Microplastics 101:
From Synthetic Beads to Real-World Particles
Microplastics are everywhere — but how we study them matters
Micro- and nanoplastics are now detected in air, water, food, and human tissues. As interest in their potential impact on human health grows, so does the need for reliable experimental systems. However, there is a growing gap between what exists in the real world and what is used in the lab.
What most studies use: synthetic plastic beads
Most microplastic and nanoplastic studies rely on commercially available polystyrene nanospheres.
These materials are widely used because they are:
uniform in size
easy to detect
experimentally convenient
They were originally developed for controlled assays or as size standards, not to represent real-world exposure.
Where the mismatch begins
Real-world micro- and nanoplastics are:
irregular fragments, not perfect beads
polydisperse, spanning a wide range of sizes
chemically heterogeneous, reflecting industrial materials and degradation
In contrast, synthetic nanospheres are:
perfectly spherical
monodisperse
often surface-functionalized (engineered with chemical groups or charges that alter how they interact with proteins and cells)
Why this matters in biological studies
Many synthetic nanosphere preparations are not simply “plastic particles.”
They are formulated with:
surfactants in solution
surfactant layers on the particle surface (total surface area: 57 m² in 1g of 100 nm spheres)
cytotoxic preservatives
These components can:
disrupt membranes
alter uptake pathways
dominate observed biological effects
What appears to be a plastic exposure experiment may, in part, be a surfactant exposure experiment.
Case observation: formulation can dominate biology
In our experiments, HeLa cells exposed to polystyrene nanospheres (from a major commercial vendor) at the upper end of commonly used conditions (100 nm, 500 µg/mL) showed rapid cell lysis within 1 hour in the absence of serum.
In contrast, when surfactants were removed and particles were stabilized with minimal BSA,
this effect was not observed under the same conditions.

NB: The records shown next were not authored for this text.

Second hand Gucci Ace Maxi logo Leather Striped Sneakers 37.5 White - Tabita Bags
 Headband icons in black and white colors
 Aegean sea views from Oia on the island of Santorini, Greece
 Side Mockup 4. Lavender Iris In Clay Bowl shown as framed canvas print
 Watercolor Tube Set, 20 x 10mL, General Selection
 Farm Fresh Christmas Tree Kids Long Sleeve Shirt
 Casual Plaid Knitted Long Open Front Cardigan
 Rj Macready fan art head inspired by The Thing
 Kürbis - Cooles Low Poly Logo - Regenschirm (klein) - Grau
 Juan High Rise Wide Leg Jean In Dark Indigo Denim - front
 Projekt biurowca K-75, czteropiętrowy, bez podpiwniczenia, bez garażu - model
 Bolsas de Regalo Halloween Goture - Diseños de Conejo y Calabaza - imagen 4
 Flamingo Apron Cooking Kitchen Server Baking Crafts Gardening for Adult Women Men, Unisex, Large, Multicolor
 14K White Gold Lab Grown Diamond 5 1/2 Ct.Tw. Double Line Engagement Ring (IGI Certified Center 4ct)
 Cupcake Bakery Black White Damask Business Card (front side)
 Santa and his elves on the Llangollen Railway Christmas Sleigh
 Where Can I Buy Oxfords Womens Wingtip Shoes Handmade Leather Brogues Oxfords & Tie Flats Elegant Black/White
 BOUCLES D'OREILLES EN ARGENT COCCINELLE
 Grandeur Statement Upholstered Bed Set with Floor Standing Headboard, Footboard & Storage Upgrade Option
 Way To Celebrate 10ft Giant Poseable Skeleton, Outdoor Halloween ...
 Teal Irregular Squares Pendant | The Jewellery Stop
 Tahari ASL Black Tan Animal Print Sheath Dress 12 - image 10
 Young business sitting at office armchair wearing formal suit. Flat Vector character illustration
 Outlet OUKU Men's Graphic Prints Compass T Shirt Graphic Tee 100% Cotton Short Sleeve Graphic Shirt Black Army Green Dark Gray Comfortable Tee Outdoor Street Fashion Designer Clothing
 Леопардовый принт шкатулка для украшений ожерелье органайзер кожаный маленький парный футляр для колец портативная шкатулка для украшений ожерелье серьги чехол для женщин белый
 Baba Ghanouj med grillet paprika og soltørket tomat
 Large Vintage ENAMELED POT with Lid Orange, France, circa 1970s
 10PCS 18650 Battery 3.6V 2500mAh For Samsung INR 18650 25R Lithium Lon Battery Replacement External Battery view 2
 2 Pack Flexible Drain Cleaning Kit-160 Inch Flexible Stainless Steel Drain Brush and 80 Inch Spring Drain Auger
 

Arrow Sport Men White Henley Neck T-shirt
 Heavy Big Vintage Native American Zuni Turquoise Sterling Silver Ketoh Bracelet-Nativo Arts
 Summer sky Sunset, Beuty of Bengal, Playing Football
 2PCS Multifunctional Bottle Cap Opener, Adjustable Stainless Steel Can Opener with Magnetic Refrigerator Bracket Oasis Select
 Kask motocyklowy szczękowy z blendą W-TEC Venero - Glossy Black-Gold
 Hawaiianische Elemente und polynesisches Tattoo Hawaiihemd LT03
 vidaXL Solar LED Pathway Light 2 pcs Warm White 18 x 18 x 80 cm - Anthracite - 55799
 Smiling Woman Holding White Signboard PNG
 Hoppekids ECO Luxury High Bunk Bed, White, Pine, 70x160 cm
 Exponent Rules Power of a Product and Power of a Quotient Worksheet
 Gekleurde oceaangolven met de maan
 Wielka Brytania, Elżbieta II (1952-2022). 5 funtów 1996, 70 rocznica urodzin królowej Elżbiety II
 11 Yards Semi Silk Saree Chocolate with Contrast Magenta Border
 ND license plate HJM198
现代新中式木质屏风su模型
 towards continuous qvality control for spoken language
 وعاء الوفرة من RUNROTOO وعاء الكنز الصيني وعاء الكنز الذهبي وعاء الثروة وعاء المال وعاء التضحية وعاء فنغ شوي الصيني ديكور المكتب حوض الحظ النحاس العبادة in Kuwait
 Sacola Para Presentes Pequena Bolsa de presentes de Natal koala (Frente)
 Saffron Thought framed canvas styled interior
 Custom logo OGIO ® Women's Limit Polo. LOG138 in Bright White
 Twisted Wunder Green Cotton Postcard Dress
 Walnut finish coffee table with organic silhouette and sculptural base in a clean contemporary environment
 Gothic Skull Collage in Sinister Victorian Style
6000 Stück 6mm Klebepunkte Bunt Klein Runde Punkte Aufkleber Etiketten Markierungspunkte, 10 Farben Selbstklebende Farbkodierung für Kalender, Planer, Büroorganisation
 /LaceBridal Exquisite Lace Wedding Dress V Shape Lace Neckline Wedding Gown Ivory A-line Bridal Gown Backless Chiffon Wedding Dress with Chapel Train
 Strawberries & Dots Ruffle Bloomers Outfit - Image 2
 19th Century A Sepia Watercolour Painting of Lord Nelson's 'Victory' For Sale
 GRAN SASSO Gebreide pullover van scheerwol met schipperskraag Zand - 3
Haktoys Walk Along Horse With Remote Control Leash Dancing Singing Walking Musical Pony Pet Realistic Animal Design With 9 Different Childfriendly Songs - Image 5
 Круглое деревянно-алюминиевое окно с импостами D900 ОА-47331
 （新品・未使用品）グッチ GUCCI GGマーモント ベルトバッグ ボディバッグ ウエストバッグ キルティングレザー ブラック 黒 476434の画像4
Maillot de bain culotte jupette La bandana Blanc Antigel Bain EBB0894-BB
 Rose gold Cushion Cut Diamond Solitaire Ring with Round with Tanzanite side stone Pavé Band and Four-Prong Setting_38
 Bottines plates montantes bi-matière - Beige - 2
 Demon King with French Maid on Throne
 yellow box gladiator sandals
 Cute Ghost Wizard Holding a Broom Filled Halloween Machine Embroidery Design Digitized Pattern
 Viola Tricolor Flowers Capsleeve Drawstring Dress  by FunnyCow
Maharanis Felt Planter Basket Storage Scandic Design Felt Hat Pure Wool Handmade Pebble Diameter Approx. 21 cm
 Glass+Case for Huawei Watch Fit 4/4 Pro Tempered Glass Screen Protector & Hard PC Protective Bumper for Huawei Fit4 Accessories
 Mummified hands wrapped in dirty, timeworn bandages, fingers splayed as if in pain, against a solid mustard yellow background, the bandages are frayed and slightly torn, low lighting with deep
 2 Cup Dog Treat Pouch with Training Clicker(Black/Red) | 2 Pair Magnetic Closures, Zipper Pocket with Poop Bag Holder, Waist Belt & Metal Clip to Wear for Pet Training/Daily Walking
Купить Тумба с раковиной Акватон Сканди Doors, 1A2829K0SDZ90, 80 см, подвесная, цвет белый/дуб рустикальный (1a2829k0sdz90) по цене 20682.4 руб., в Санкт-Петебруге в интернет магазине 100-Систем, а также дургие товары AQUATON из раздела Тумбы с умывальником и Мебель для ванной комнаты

This suggests that formulation—not just the plastic itself—can drive observed cytotoxicity.
VS
Spheres vs. Fragments
Nanoparticles are similar in size to large biological structures — shape matters
Fragments present greater surface area (up to ~10×) than spheres
Increased surface area enables more molecular and cellular interactions
Irregular geometry promotes intracellular aggregation and persistence
Toward more biologically relevant models
When synthetic nanospheres are used as stand-ins for real nanoplastics, experimental outcomes may reflect:
surfactant effects
surface-driven artifacts
idealized particle geometry
rather than true particle–biology interactions.
To better align experiments with real-world exposure, there is increasing interest in materials that:
reflect realistic particle morphology
preserve native polymer properties
minimize formulation-driven artifacts
Mechanically generated plastic fragments represent one approach to bridging this gap—improving reproducibility and enabling more biologically meaningful results.